Between Clay and the British Government Madison's hand was forced, and war was declared. In America there were widespread rejoicings and high hopes of the conquest of Canada and the final expulsion of England from the New World. Yet the war, though on the whole justly entered upon, and though popular with the greater part of the country, was not national in the fullest sense. It did not unite, rather it dangerously divided, the Federation, and that, unfortunately, on geographical lines. New England from the first was against it, partly because most of her citizens sympathized with Great Britain in her struggle with Napoleon, and partly because her mercantile prosperity was certain to be hard hit, and might easily be ruined by a war with the greatest of naval powers. When, immediately after the declaration of war, in 1812, Madison was put forward as Presidential candidate for a second term, the contest showed sharply the line of demarcation. North-east of the Hudson he did not receive a vote.
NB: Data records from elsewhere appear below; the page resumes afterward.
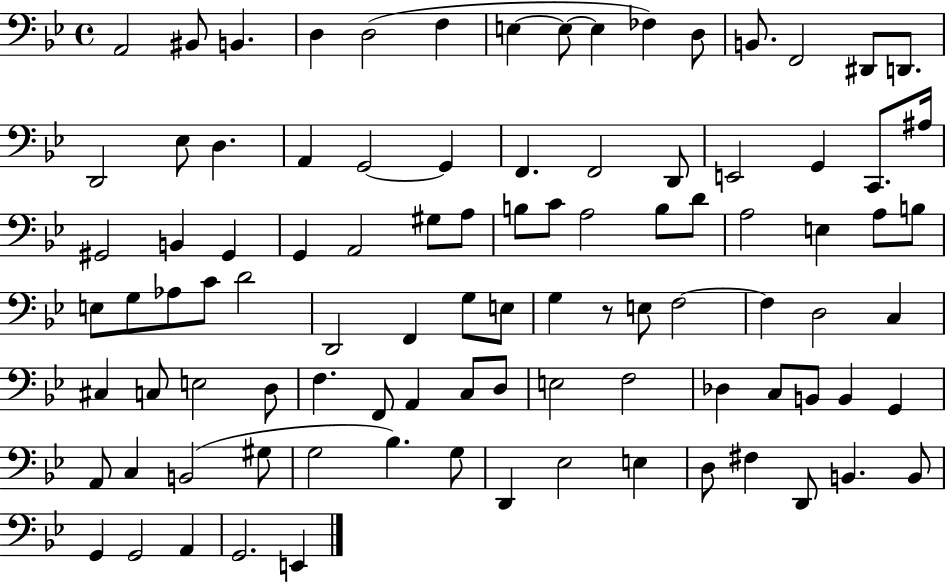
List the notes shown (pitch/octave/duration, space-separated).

A2/h BIS2/e B2/q. D3/q D3/h F3/q E3/q E3/e E3/q FES3/q D3/e B2/e. F2/h D#2/e D2/e. D2/h Eb3/e D3/q. A2/q G2/h G2/q F2/q. F2/h D2/e E2/h G2/q C2/e. A#3/s G#2/h B2/q G#2/q G2/q A2/h G#3/e A3/e B3/e C4/e A3/h B3/e D4/e A3/h E3/q A3/e B3/e E3/e G3/e Ab3/e C4/e D4/h D2/h F2/q G3/e E3/e G3/q R/e E3/e F3/h F3/q D3/h C3/q C#3/q C3/e E3/h D3/e F3/q. F2/e A2/q C3/e D3/e E3/h F3/h Db3/q C3/e B2/e B2/q G2/q A2/e C3/q B2/h G#3/e G3/h Bb3/q. G3/e D2/q Eb3/h E3/q D3/e F#3/q D2/e B2/q. B2/e G2/q G2/h A2/q G2/h. E2/q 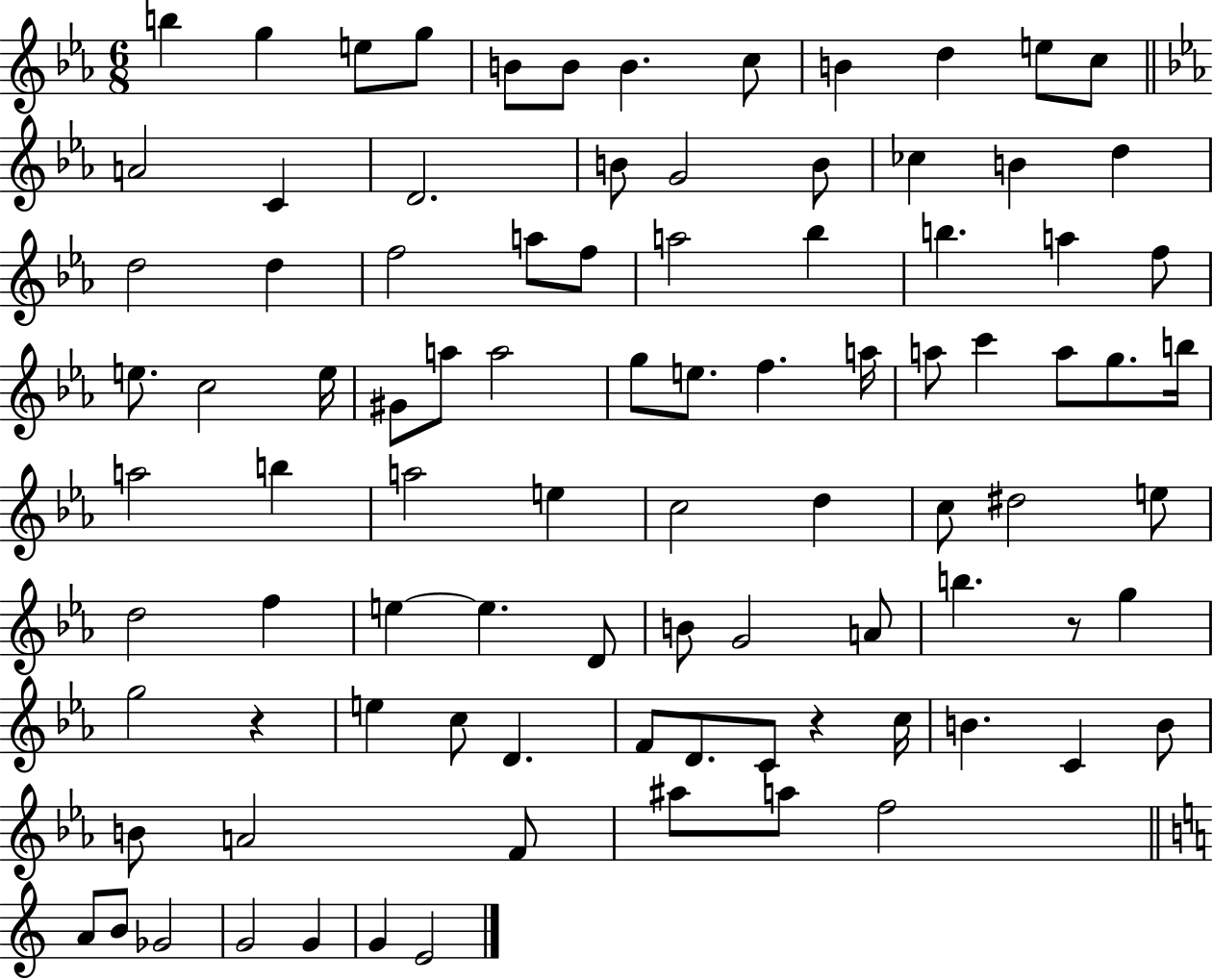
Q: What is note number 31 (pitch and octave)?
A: F5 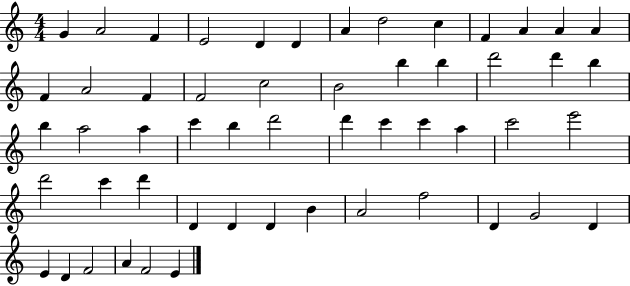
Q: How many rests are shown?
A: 0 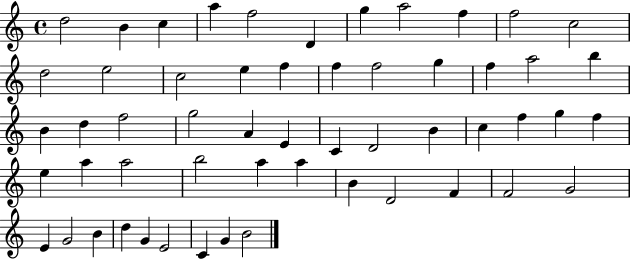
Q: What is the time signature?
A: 4/4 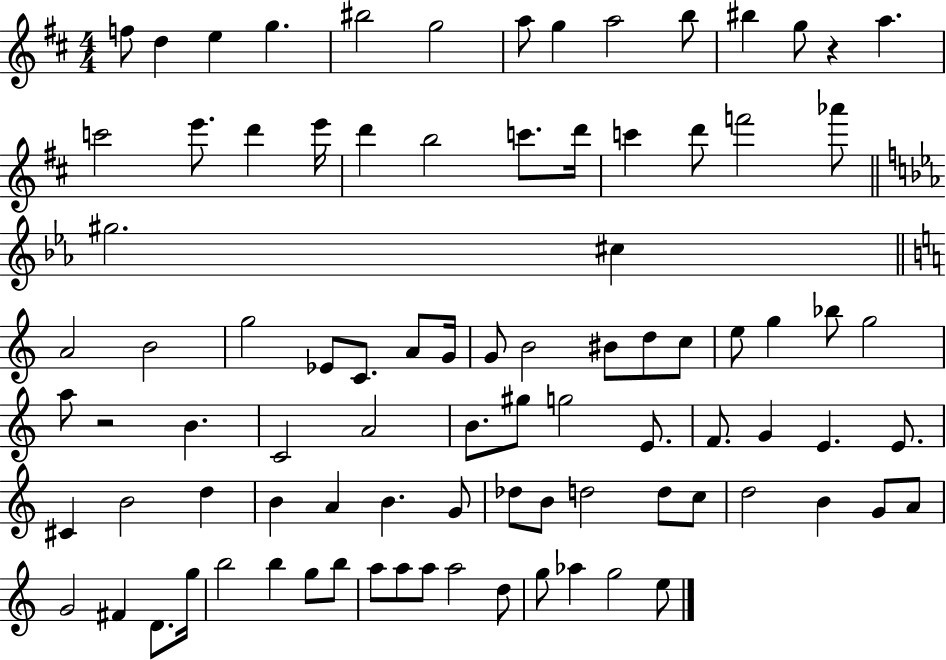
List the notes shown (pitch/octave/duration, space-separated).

F5/e D5/q E5/q G5/q. BIS5/h G5/h A5/e G5/q A5/h B5/e BIS5/q G5/e R/q A5/q. C6/h E6/e. D6/q E6/s D6/q B5/h C6/e. D6/s C6/q D6/e F6/h Ab6/e G#5/h. C#5/q A4/h B4/h G5/h Eb4/e C4/e. A4/e G4/s G4/e B4/h BIS4/e D5/e C5/e E5/e G5/q Bb5/e G5/h A5/e R/h B4/q. C4/h A4/h B4/e. G#5/e G5/h E4/e. F4/e. G4/q E4/q. E4/e. C#4/q B4/h D5/q B4/q A4/q B4/q. G4/e Db5/e B4/e D5/h D5/e C5/e D5/h B4/q G4/e A4/e G4/h F#4/q D4/e. G5/s B5/h B5/q G5/e B5/e A5/e A5/e A5/e A5/h D5/e G5/e Ab5/q G5/h E5/e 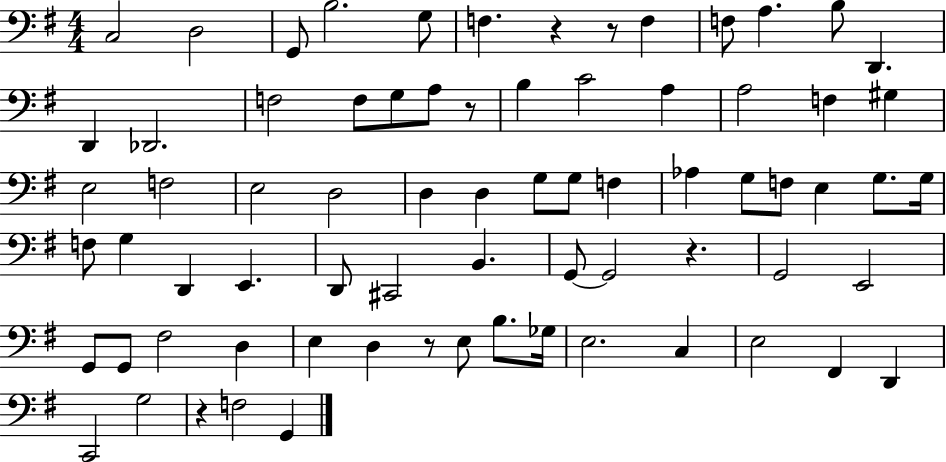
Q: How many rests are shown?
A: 6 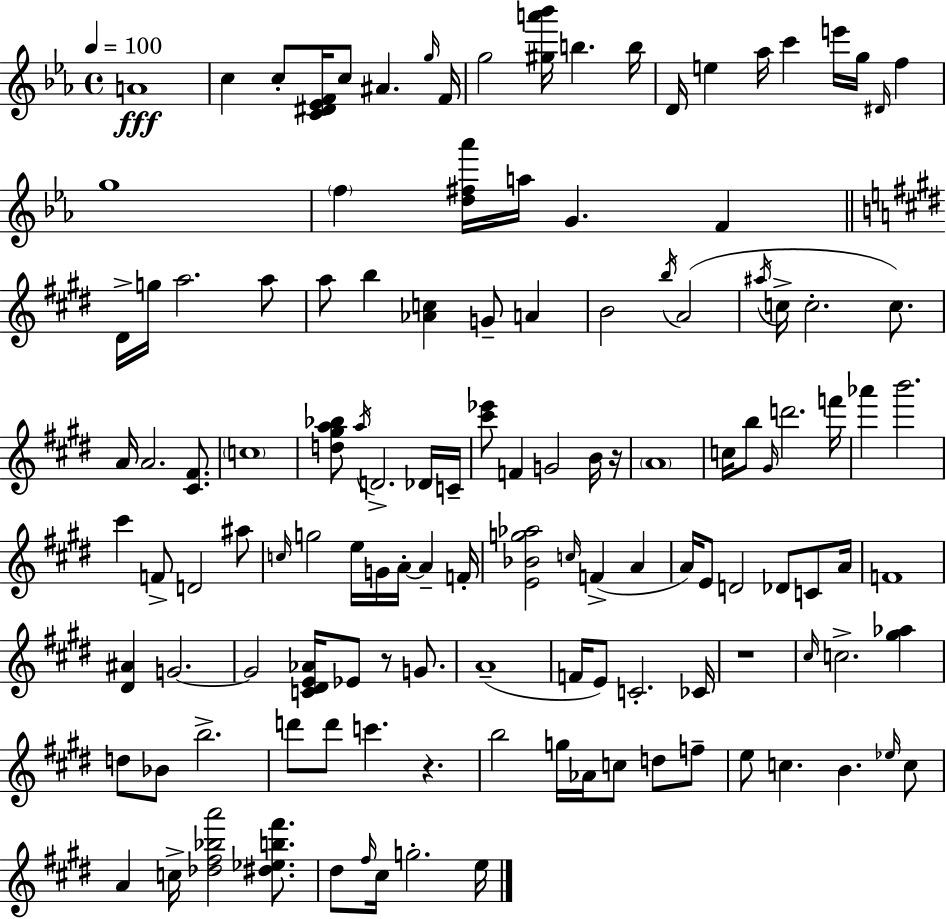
A4/w C5/q C5/e [C4,D#4,Eb4,F4]/s C5/e A#4/q. G5/s F4/s G5/h [G#5,A6,Bb6]/s B5/q. B5/s D4/s E5/q Ab5/s C6/q E6/s G5/s D#4/s F5/q G5/w F5/q [D5,F#5,Ab6]/s A5/s G4/q. F4/q D#4/s G5/s A5/h. A5/e A5/e B5/q [Ab4,C5]/q G4/e A4/q B4/h B5/s A4/h A#5/s C5/s C5/h. C5/e. A4/s A4/h. [C#4,F#4]/e. C5/w [D5,G#5,A5,Bb5]/e A5/s D4/h. Db4/s C4/s [C#6,Eb6]/e F4/q G4/h B4/s R/s A4/w C5/s B5/e G#4/s D6/h. F6/s Ab6/q B6/h. C#6/q F4/e D4/h A#5/e C5/s G5/h E5/s G4/s A4/s A4/q F4/s [E4,Bb4,G5,Ab5]/h C5/s F4/q A4/q A4/s E4/e D4/h Db4/e C4/e A4/s F4/w [D#4,A#4]/q G4/h. G4/h [C4,D#4,E4,Ab4]/s Eb4/e R/e G4/e. A4/w F4/s E4/e C4/h. CES4/s R/w C#5/s C5/h. [G#5,Ab5]/q D5/e Bb4/e B5/h. D6/e D6/e C6/q. R/q. B5/h G5/s Ab4/s C5/e D5/e F5/e E5/e C5/q. B4/q. Eb5/s C5/e A4/q C5/s [Db5,F#5,Bb5,A6]/h [D#5,Eb5,B5,F#6]/e. D#5/e F#5/s C#5/s G5/h. E5/s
The war opened prosperously for the Republic, with the destruction by Commander Perry of the British fleet on Lake Ontario – an incident which still is held in glorious memory by the American Navy and the American people. Following on this notable success, an invasion of Canada was attempted; but here Fortune changed sides. The invasion was a complete failure, the American army was beaten, forced to fall back, and attacked, in its turn, upon American soil. Instead of American troops occupying Quebec, English troops occupied a great part of Ohio.

Meanwhile, Jefferson's frigates were showing their metal. In many duels with English cruisers they had the advantage, though we in this country naturally hear most – indeed, it is almost the only incident of this war of which we ever do hear – of one of the cases in which victory went the other way – the famous fight between the Shannon and the Chesapeake. On the whole, the balance of such warfare leant in favour of the American sea-captains. But it was not by such warfare that the issue could be settled. England, summoning what strength she could spare from her desperate struggle with the French Emperor, sent an adequate fleet to convoy a formidable army to the American coast. It landed without serious opposition at the mouth of the Chesapeake, and marched straight on the national capital, which the Government was forced to abandon.